445 milliards de dollars sont versés chaque année aux agriculteurs dans les 53 pays étudiés par l'Organisation de coopération et de développement économique. Selon elle, ces sommes devraient être consacrées pour atteindre les objectifs dans le domaine de l'environnement et de l'atténuation du changement climatique.

Les aides publiques à l'agriculture dans tous les pays du monde devraient être réorientées vers l'innovation et les services à "impact sociétal" comme le climat, l'environnement, ou la lutte contre le gaspillage, estime l'OCDE dans un rapport publié lundi.

Toujours très critique sur l'impact des subventions directes à la production, accusées de distorsion des marchés, l'Organisation de coopération et de développement économique (OCDE) recommande dans son dernier rapport de "réorienter le soutien vers des améliorations des services publics qui bénéficient aux producteurs, aux consommateurs et à la société dans son ensemble".

Dans les 53 pays étudiés, au total 445 milliards de dollars (392 milliards d'euros) sont versés directement aux agriculteurs chaque année, indique le rapport de 500 pages intitulé "Politiques agricoles: suivi et évaluation 2019".

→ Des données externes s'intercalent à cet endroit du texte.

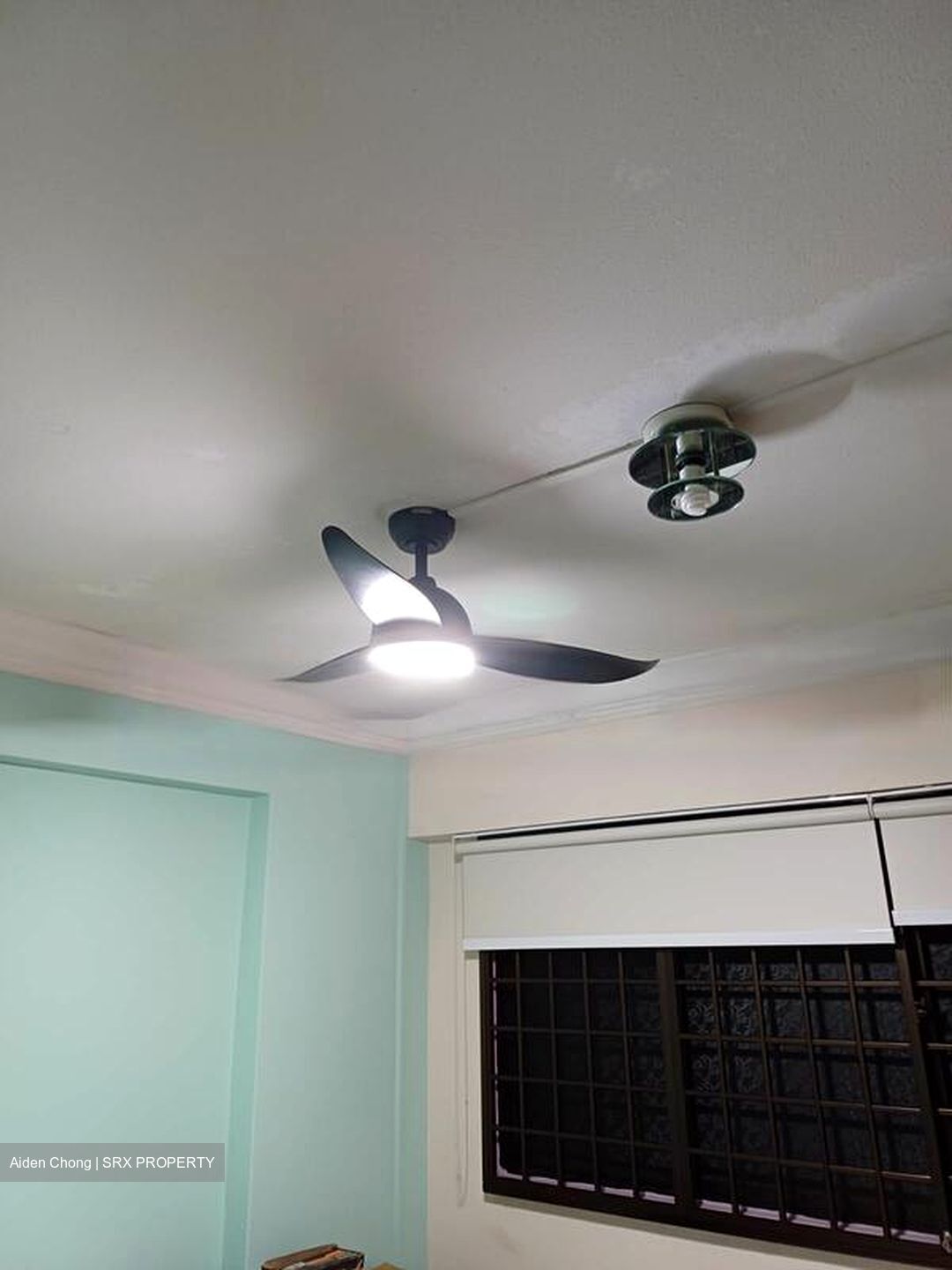 Blk 507 Jelapang Road (Bukit Panjang), HDB 4 Rooms #483533041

"La grosse majorité de ces aides va directement à la production, mais ne touche pas les décisions à prendre" a souligné Ken Ash, directeur commerce et agriculture de l'OCDE auprès de l'AFP.

Des performances environnementales en recul

Evoquant "le climat, l'utilisation des terres agricoles ou des ressources en eau", Ken Ash a ajouté que "moins de 20% des aides agricoles sont affectées à ces sujets sociétaux plus larges".

L'OCDE recommande aussi "d'envisager tous les instruments économiques possibles pour atteindre les objectifs dans le domaine de l'environnement, de l'atténuation du changement climatique et de l'adaptation à celui-ci".

"Dans beaucoup de pays, les performances environnementales de l'agriculture progressent moins vite, voire régressent, depuis le milieu des années 2000: les pays devraient investir pour combler leurs déficits de connaissances et s'appuyer sur les technologies numériques pour ce faire" recommande l'organisme.